- **TASK DESCRIPTION**
Return only that part of the material below which starts with the line containing "OWN PWR Metabolism" and goes on through the line containing "Detroit Axle - 16PC", restated exactly.

═════ DATA PROVIDED

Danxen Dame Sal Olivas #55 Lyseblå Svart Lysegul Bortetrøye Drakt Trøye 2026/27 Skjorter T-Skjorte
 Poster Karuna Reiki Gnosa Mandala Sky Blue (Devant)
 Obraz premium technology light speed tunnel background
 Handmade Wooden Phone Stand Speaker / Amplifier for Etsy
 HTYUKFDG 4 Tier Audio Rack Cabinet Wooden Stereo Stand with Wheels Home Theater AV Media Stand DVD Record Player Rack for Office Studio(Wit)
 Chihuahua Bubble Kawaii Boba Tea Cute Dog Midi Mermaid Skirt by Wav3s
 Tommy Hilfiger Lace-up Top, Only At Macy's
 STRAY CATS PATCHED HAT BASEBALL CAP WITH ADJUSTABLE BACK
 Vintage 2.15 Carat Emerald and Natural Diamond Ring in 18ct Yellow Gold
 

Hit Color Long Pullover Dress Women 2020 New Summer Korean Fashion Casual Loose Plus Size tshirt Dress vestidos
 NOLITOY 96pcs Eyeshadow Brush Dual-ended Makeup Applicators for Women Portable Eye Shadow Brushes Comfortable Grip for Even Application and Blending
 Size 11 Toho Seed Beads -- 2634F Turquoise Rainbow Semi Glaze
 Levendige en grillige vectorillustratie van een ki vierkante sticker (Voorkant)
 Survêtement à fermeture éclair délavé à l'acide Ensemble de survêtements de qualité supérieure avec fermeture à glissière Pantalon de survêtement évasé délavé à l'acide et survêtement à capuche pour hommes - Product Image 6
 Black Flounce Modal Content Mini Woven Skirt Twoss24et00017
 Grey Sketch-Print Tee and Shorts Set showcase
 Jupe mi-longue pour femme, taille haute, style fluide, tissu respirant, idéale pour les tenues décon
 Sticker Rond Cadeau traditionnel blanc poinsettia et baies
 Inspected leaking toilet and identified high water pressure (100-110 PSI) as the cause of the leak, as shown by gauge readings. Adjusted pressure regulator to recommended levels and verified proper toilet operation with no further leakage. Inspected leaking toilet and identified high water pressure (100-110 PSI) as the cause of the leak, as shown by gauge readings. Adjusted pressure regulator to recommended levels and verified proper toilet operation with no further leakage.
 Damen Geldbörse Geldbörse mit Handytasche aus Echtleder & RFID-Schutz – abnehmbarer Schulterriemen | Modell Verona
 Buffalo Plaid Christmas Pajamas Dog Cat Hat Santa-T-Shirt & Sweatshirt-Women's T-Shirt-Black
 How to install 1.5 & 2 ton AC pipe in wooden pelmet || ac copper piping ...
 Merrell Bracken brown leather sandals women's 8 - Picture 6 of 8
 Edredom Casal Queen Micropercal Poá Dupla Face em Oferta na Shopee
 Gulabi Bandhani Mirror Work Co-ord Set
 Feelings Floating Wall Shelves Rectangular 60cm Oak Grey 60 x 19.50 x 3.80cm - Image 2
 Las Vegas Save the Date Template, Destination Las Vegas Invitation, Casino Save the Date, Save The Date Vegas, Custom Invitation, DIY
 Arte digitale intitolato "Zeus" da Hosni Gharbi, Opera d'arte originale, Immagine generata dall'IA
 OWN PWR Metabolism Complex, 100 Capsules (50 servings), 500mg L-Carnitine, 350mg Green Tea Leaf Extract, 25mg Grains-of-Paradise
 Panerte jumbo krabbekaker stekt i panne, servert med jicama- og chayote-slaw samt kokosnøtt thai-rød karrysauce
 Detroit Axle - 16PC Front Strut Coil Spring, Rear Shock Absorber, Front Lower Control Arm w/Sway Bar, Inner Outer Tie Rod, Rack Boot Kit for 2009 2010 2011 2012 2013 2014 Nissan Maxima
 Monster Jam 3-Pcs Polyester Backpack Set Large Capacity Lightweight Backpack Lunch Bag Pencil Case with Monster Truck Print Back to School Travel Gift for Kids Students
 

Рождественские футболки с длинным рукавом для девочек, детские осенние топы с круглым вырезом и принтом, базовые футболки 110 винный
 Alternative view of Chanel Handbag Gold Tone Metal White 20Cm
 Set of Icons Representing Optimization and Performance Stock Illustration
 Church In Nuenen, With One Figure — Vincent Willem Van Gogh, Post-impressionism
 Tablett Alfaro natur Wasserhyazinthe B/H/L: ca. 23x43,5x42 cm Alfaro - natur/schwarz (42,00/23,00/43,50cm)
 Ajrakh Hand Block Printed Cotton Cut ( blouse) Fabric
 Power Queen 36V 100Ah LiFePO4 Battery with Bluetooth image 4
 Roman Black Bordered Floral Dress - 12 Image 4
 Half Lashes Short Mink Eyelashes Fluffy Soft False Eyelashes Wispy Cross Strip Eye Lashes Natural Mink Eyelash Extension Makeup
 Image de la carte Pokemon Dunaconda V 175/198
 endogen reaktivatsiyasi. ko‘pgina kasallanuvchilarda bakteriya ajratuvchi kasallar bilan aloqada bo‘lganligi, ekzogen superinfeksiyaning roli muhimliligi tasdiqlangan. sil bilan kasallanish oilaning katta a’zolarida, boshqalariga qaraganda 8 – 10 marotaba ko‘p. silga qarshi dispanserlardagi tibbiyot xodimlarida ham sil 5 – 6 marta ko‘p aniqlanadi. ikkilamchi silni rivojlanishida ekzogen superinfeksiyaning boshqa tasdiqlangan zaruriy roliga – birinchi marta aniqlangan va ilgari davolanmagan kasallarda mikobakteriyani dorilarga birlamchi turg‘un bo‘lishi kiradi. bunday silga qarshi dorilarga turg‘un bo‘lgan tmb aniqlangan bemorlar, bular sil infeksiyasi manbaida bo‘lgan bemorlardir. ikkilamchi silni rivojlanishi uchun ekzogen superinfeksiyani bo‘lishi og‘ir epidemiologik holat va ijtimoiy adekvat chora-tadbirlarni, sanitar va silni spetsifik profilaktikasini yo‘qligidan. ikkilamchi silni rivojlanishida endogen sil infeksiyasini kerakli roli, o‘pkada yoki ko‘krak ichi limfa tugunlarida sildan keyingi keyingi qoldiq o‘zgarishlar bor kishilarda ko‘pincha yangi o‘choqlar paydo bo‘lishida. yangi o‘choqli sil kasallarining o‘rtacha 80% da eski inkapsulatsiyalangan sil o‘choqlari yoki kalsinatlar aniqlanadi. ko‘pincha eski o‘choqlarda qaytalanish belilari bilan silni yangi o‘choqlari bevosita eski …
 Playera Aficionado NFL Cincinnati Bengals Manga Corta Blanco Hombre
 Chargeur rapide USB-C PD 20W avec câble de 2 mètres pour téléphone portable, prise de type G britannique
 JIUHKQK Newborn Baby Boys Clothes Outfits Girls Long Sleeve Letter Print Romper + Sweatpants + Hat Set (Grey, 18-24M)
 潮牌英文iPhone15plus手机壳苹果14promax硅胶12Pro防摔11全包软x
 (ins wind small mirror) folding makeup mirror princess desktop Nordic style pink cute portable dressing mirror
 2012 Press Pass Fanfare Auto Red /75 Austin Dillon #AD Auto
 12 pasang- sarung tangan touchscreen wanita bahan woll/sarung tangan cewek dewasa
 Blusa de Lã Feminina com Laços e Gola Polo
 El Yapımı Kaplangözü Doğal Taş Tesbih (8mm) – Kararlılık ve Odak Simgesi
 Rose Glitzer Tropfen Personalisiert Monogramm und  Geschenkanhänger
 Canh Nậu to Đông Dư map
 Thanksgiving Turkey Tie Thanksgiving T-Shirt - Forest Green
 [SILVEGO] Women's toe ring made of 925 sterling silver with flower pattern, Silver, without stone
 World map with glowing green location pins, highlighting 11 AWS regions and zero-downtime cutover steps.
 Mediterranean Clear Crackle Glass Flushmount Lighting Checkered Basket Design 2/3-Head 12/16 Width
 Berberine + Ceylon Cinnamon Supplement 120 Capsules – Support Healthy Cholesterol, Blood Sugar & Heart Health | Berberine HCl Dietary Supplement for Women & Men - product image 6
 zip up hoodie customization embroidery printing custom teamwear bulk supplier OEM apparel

══════════

- **SOLUTION BELOW**
 OWN PWR Metabolism Complex, 100 Capsules (50 servings), 500mg L-Carnitine, 350mg Green Tea Leaf Extract, 25mg Grains-of-Paradise
 Panerte jumbo krabbekaker stekt i panne, servert med jicama- og chayote-slaw samt kokosnøtt thai-rød karrysauce
 Detroit Axle - 16PC Front Strut Coil Spring, Rear Shock Absorber, Front Lower Control Arm w/Sway Bar, Inner Outer Tie Rod, Rack Boot Kit for 2009 2010 2011 2012 2013 2014 Nissan Maxima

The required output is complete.